O governo do Acre, por meio do Instituto de Defesa Agropecuária e Florestal do Acre (Idaf), reforça seu compromisso com a sanidade vegetal ao participar do 2º Curso de Emergência Fitossanitária sobre Monilíase do Cacaueiro e do Cupuaçuzeiro, realizado de terça-feira, 24, a sexta-feira, 27, em Ilhéus (BA).
Representando o Acre, a engenheira agrônoma e coordenadora das ações de combate e erradicação da monilíase na Regional do Juruá do Idaf, Maísa Bravin, participa da capacitação, promovida pela Agência Estadual de Defesa Agropecuária da Bahia (Adab), em parceria com o Ministério da Agricultura e Pecuária (Mapa), que reúne engenheiros agrônomos, técnicos, gerentes territoriais de defesa sanitária vegetal e auditores fiscais federais agropecuários de diversas regiões do país, fortalecendo a integração interestadual e o alinhamento das ações de defesa fitossanitária no Brasil.
O curso tem como objetivo fortalecer a capacidade técnica de resposta e vigilância frente à monilíase, abordando temas como identificação da doença, métodos de controle, educação sanitária, procedimentos de atendimento a suspeitas e ocorrências de foco, além da elaboração e execução de planos de ação emergencial e de contingência, comunicação de risco e aplicação dos protocolos oficiais ao Mapa.

Na etapa prática, os participantes realizam exercícios simulados com cenários hipotéticos de introdução e disseminação da praga, envolvendo áreas de produção comercial, cultivos de fundo de quintal, trânsito e comércio de amêndoas e produção de mudas, estratégias que o Acre já executa desde 2021, quando foi registrado o primeiro caso da doença no país.
Atualmente, apenas a regional do Juruá, que abrange os municípios de Cruzeiro do Sul, Rodrigues Alves e Mâncio Lima, permanece em situação de emergência fitossanitária. O governo do Estado mantém monitoramento permanente nas demais regionais, garantindo preparo técnico para atuação imediata, caso haja registro de novos focos.
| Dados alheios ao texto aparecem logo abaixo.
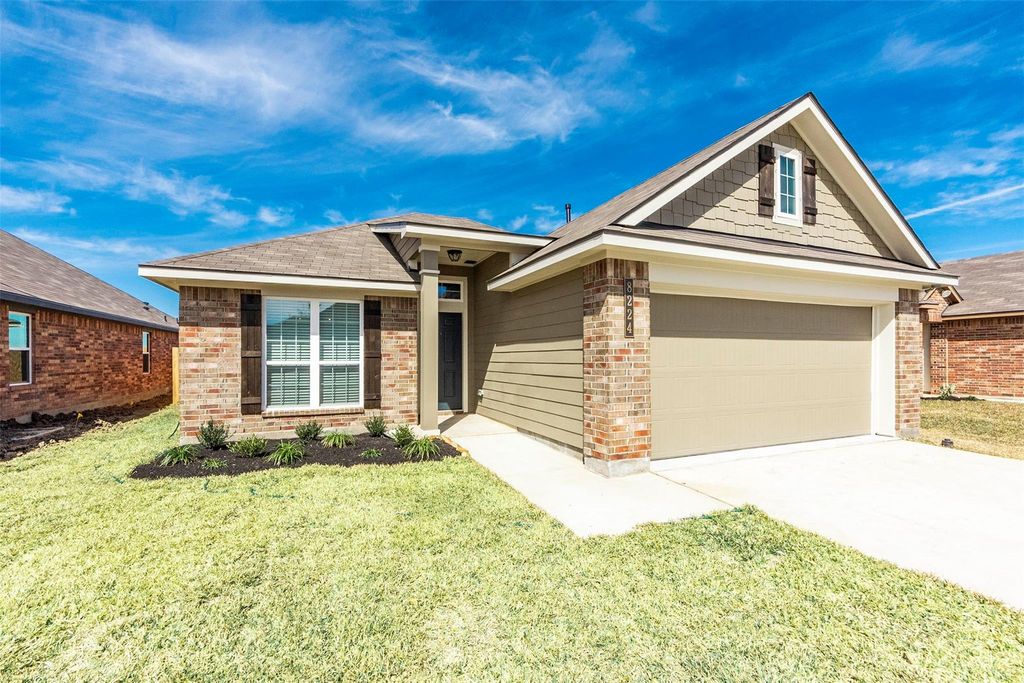 8220 N Tourmaline Way, La Marque, TX 77591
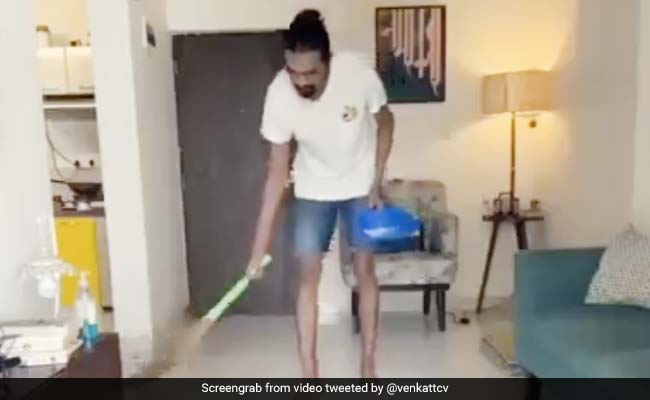 शख्स ने इतने जबरदस्त तरीके से लगाई घर में झाड़ू, देख लोगों की छूटी हंसी, बार-बार देखा जा रहा Video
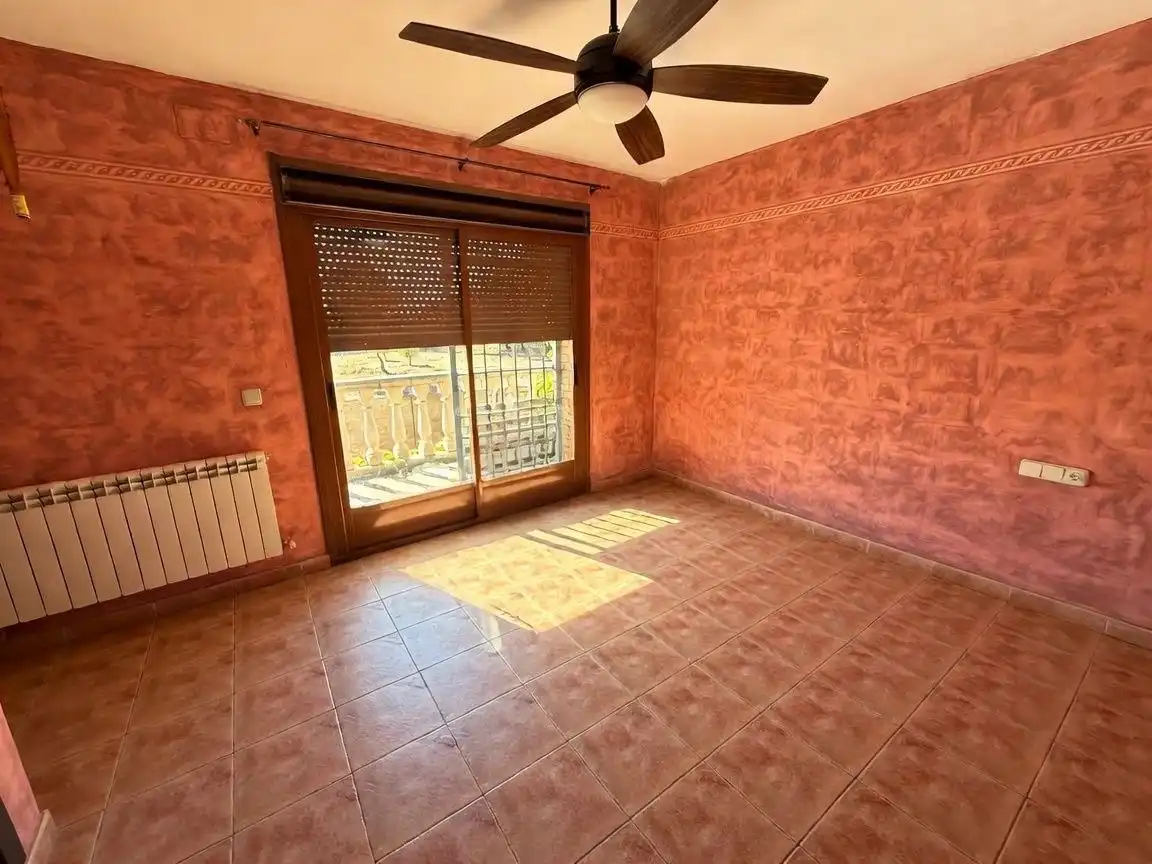 Detached house with pool for sale in Pioz, imagen 29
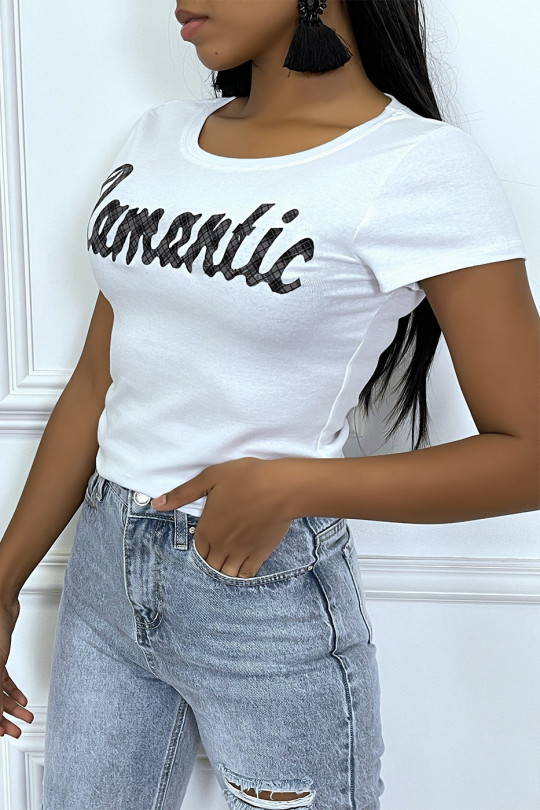 T-shirt blanc à col rond et inscription "Romantic" - 2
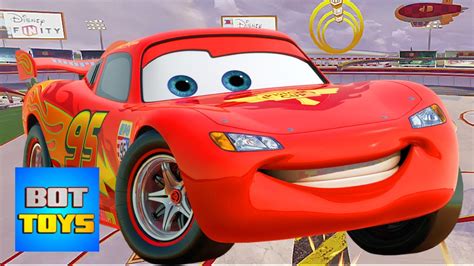 Carros De Cars Que Compitieron Con Rayo Mcqueen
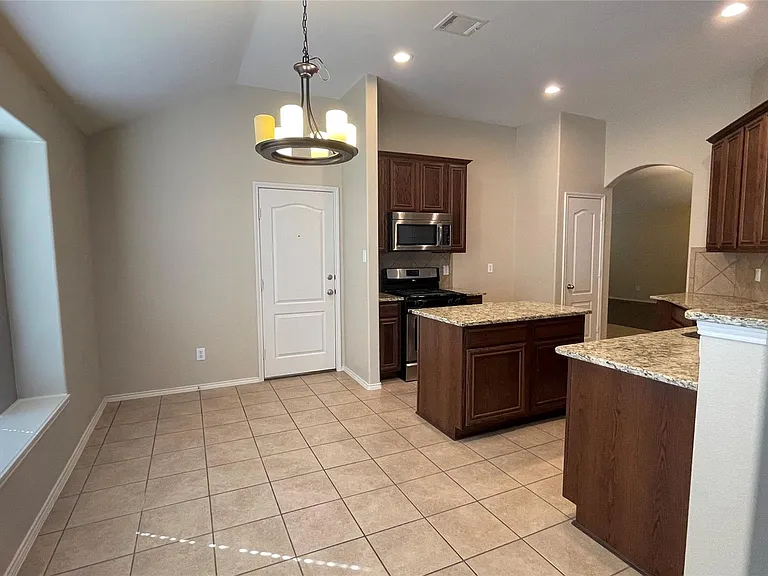 8131 Tierra Del Sol Rd — Photo 8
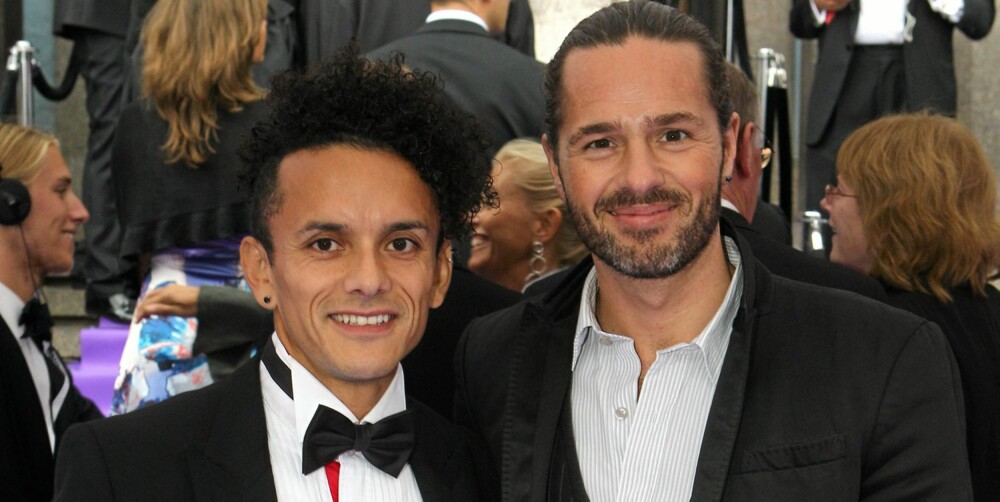 LYKKELIG: Peter Jöback er gift med Oscar Nilsson. Her er paret avbildet i 2011. LYKKELIG: Peter Jöback er gift med Oscar Nilsson. Her er paret avbildet i 2011.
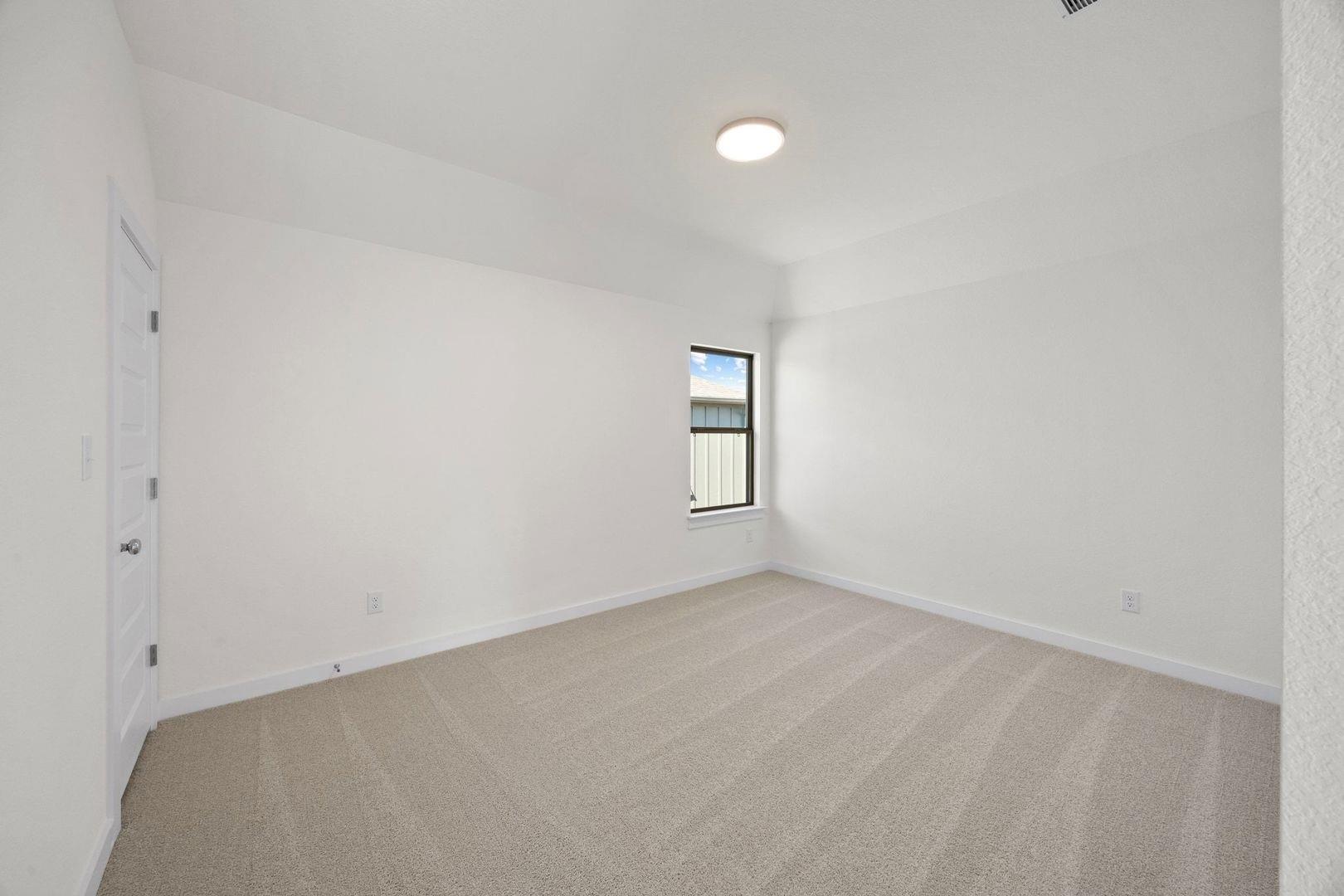 112 Divisadero Dr, Hutto, TX 78634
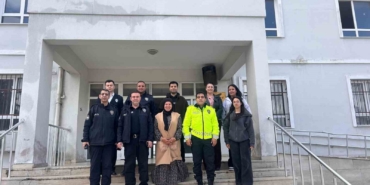 gercegini-aratmayan-kavgayla-yapilan-surpriz-polisleri-tebessum-ettirdi-rLGnrZ1m.jpg
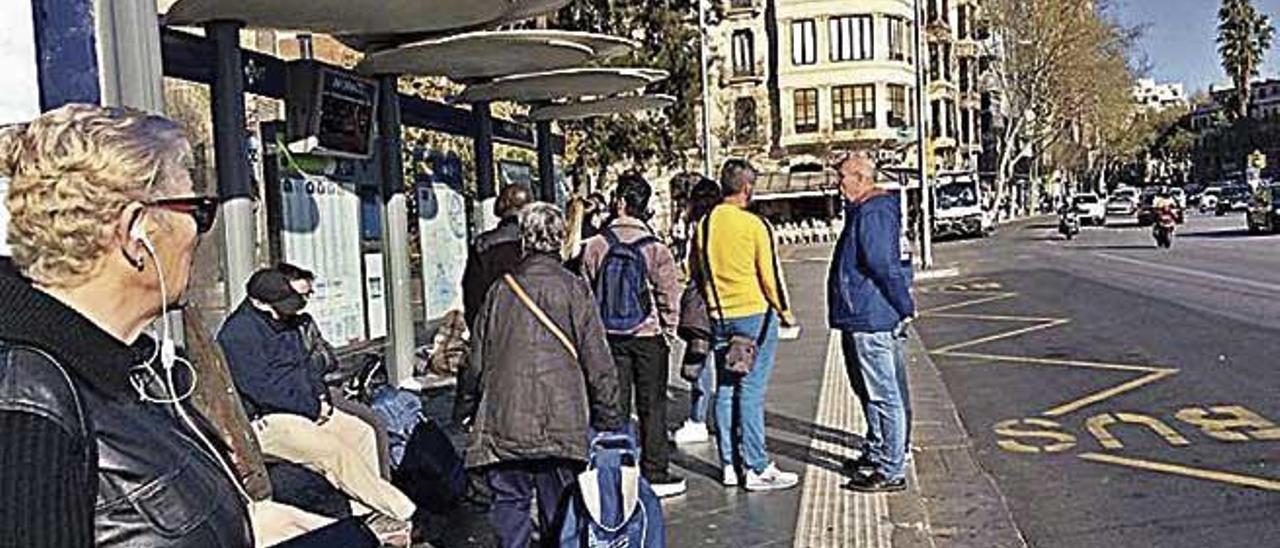 La parada de taxis de la plaza de EspaÃ±a vacÃ­a.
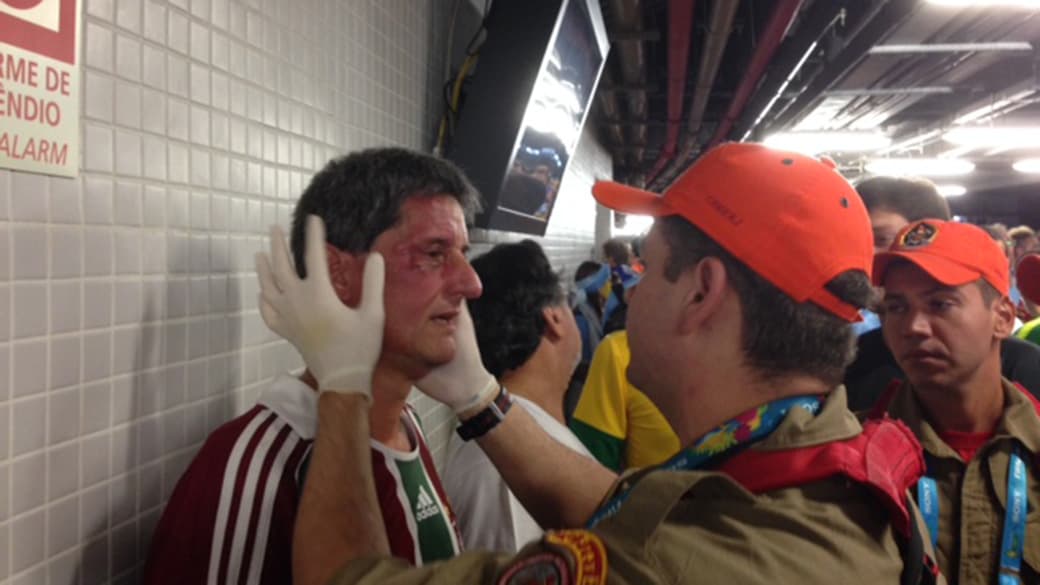 Torcedores ficaram feridos em briga no Maracanã neste sábado
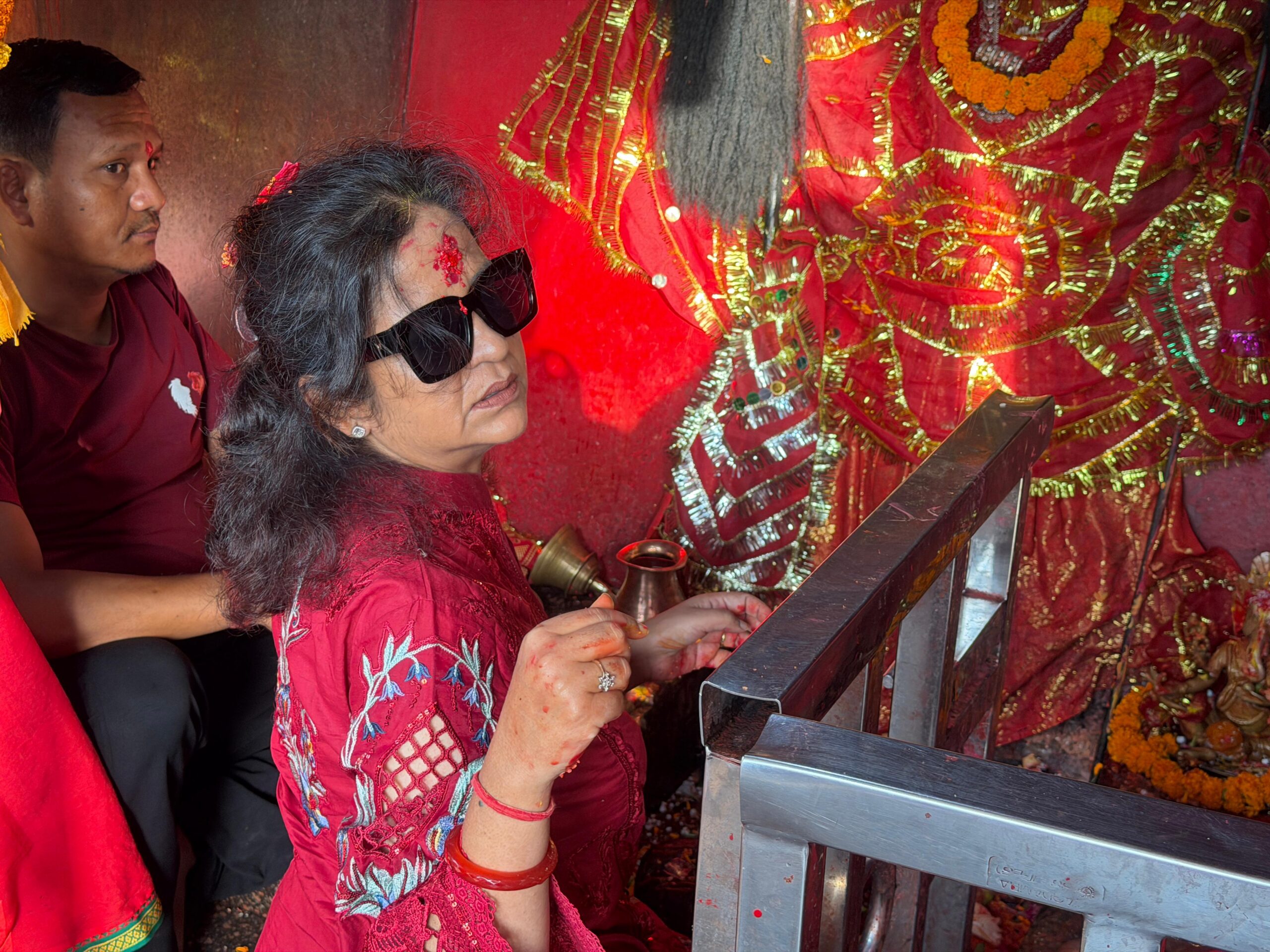 गढीमाई मन्दिरमा मन्त्री यादवको पूजा, धार्मिक पर्यटन प्रवर्द्धनमा जोड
Para Maísa Bravin, a participação no curso representa um avanço estratégico para o estado: “A troca de experiências com outras agências de defesa é fundamental para alinharmos ações e fortalecermos o trabalho junto aos produtores. Precisamos estar cada vez mais preparados para conviver com a doença e reduzir seus impactos”.
A engenheira também ressalta o reconhecimento nacional do trabalho desenvolvido no Acre. “É muito positivo saber que outros estados têm como modelo as ações que o Idaf executa em campo, principalmente quando reconhecem o trabalho eficaz que realizamos há cinco anos na contenção da doença. Graças a esse esforço contínuo, a praga não avançou para outros municípios”, afirma.

O Acre tem se consolidado como referência nacional nas ações de vigilância e controle da monilíase, com monitoramento contínuo das áreas produtoras e intensificação das atividades educativas. A qualificação constante das equipes técnicas reafirma o compromisso do governo do Estado com a proteção da cacauicultura e da cultura do cupuaçu, cadeias produtivas estratégicas para a economia acreana.